Soil science has evolved over centuries. German chemist Justus von Liebig popularized the law of the minimum, which states if only one essential plant nutrient is deficient, resulting plant growth will be poor even if other nutrients are abundant. This was followed by the work of other scientists, especially geologists, who saw soil as an inert entity. Its fertility, they suggested, could be calculated as a balance sheet comparing nutrients taken up by crops versus those added to the system in the form of manure, lime and inorganic fertilizers.
Scientists then considered soil to be a much more complex system and examined all aspects of its formation from parent material and microorganisms to climate, topography and establishment over time. One such scientist was Russian Vasily Dokuchaev, who established an elaborate set of concepts best termed “science of the soil” in the late 1800s. Thanks to Dokuchaev, a number of Russian terms entered the soil science literature. These include “chernozem,” meaning black soil, and “solonetz,” which describes our high-sodium soils that overlay a characteristic hardpan layer.
Soil science on the Canadian Prairies has come a long way since the Palliser expedition (1857-1860) described southern Alberta as an arid belt “unfit for human habitation.” University of Alberta soil scientist F.A. Wyatt was recruited from the University of Illinois in 1919. Delineating the province into zones of brown, black and grey-wooded soils, he produced the province’s first soil-climatic map. From 1922 through 1925, 74 million acres of land were mapped in southern Alberta. Decades of work by the National Soil Survey Committee (1945-1960) and the Canada Land Inventory followed, which initiated the first Canadian soil taxonomic system in 1955.
The biggest soil issue on the Prairies throughout the 20th century was the decline in soil organic matter. This decrease was due to continuous removal of nutrients by crops, invasive tillage and the practice of summerfallowing that led to the breakdown of organic matter and nitrogen loss. “In many fields nearly all the topsoil has blown away—the losses are mainly due to the lack of fibre that is essential to bind the grains of soil together,” observed Canadian agronomist and multiple World Wheat Championship winner Seager Wheeler (1868-1961). The lack of organic matter led to soil drifting and erosion events that compounded over decades.

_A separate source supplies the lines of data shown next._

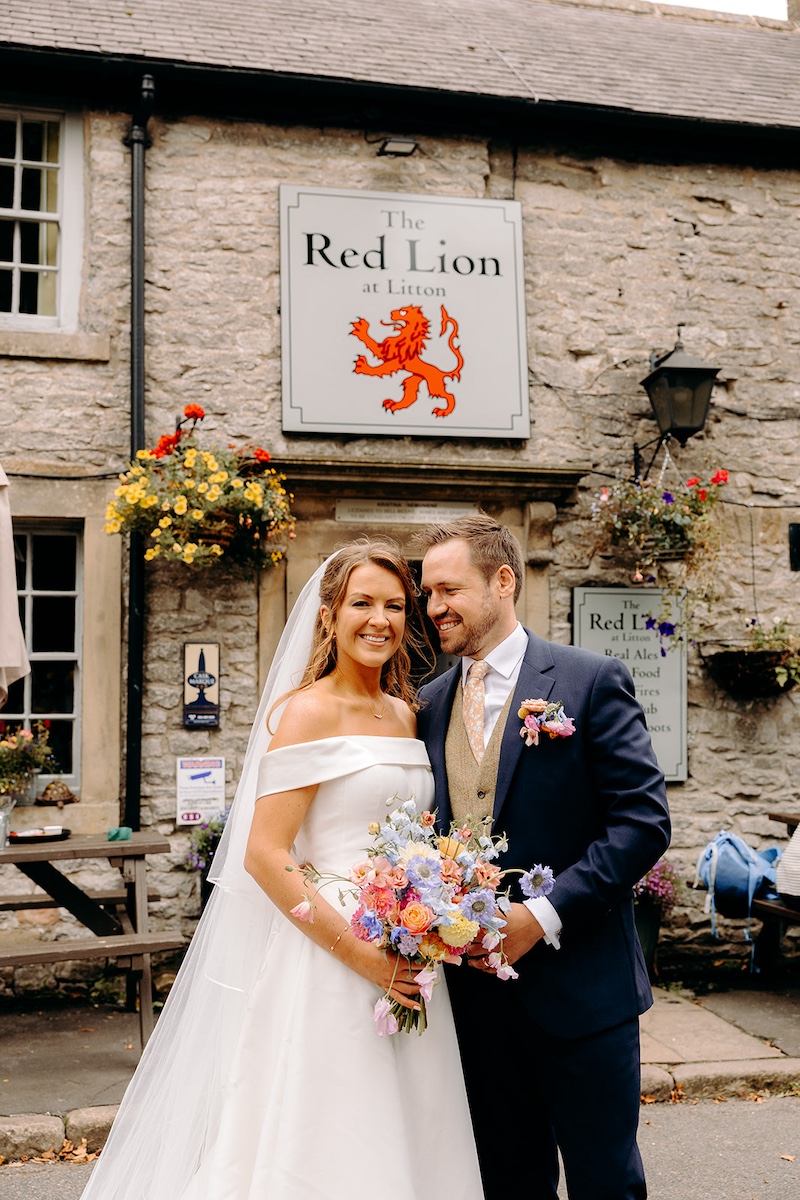 Bride and groom outside their favourite pub in the Peak District – Derbyshire wedding photography.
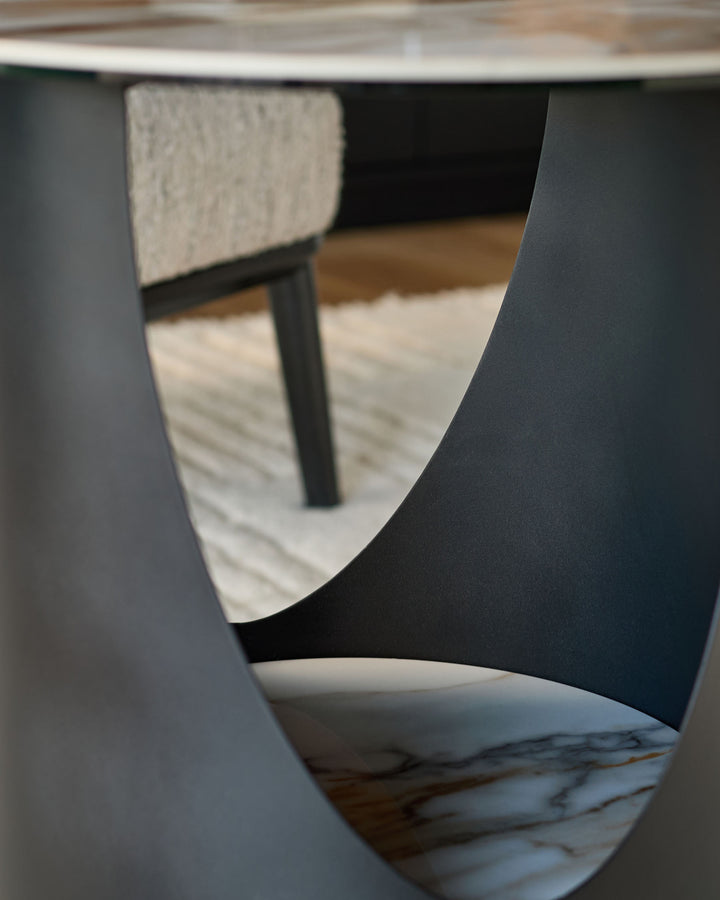 Giotto side table in ceramic, natural finish, shown from close-up angle highlighting curved edges and marble-effect base detail.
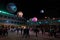 Festival, inflatable balloons in the shape of planets, people at night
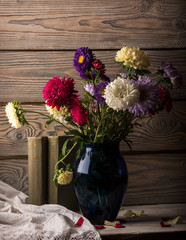 Asters in blue vase on table on wooden background wall.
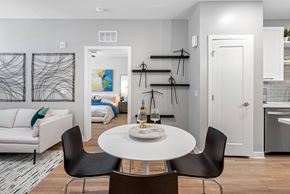 Orlando apartment for rent - A modern dining room with a white table and black chairs.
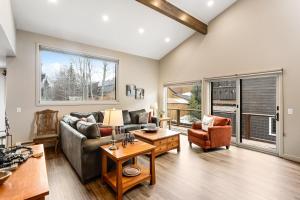 a living room with a couch and a table at Mount Royal in Frisco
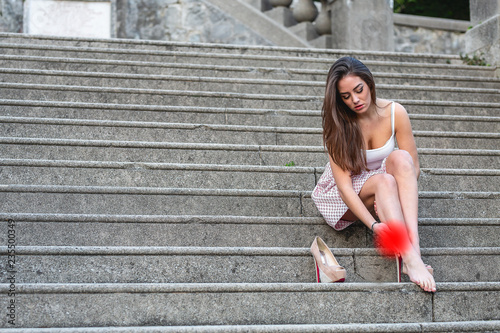 Pretty young girl is sitting on a marble stairs.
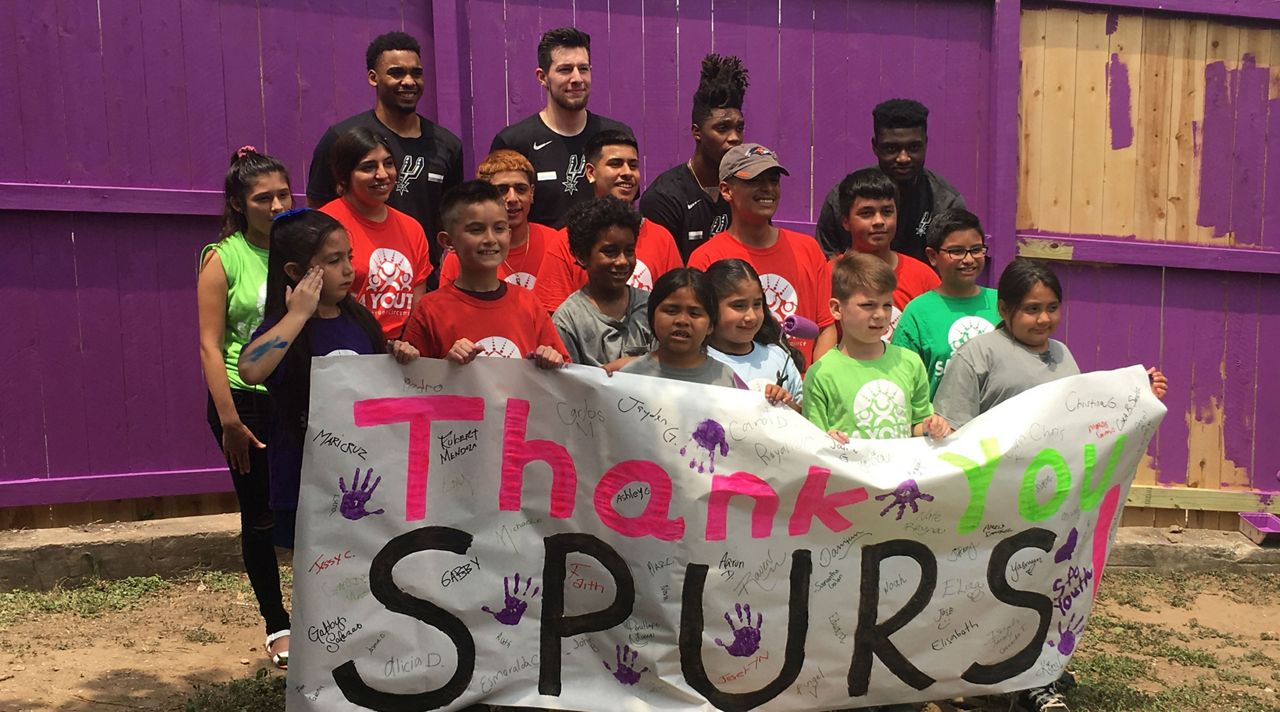 Ben Moore, Drew Eubanks, Lonnie Walker IV and Chimezie Metu take picture with kids at SA Youth with a handmade "thank you" post May 30, 2019 (Spectrum News)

This situation led to the testing and use of new crop rotations beyond wheat–fallow. Much later, farmers, machinery manufacturers, soil scientists and agronomists partnered to address the issue through the development and adoption of conservation tillage.
For a few years, following the amazing success in reducing tillage, enhanced fertility technologies and the creation of new weed control options, I believe those in the soil science field thought they had addressed its most compelling issues. But in the 21st century, we are finding new opportunities to improve soil health by understanding the complexity of microorganism populations. We now understand issues of topography such as waterlogging with the use of new imaging techniques. And we are developing the next set of real-time fertility recommendations based on yield mapping and in-field sensors.
Soil science still has a great deal to contribute to the practice of economically and environmentally sustainable agriculture.
Stan Blade, PhD, is dean of the Faculty of Agriculture, Life and Environmental Sciences at the University of Alberta.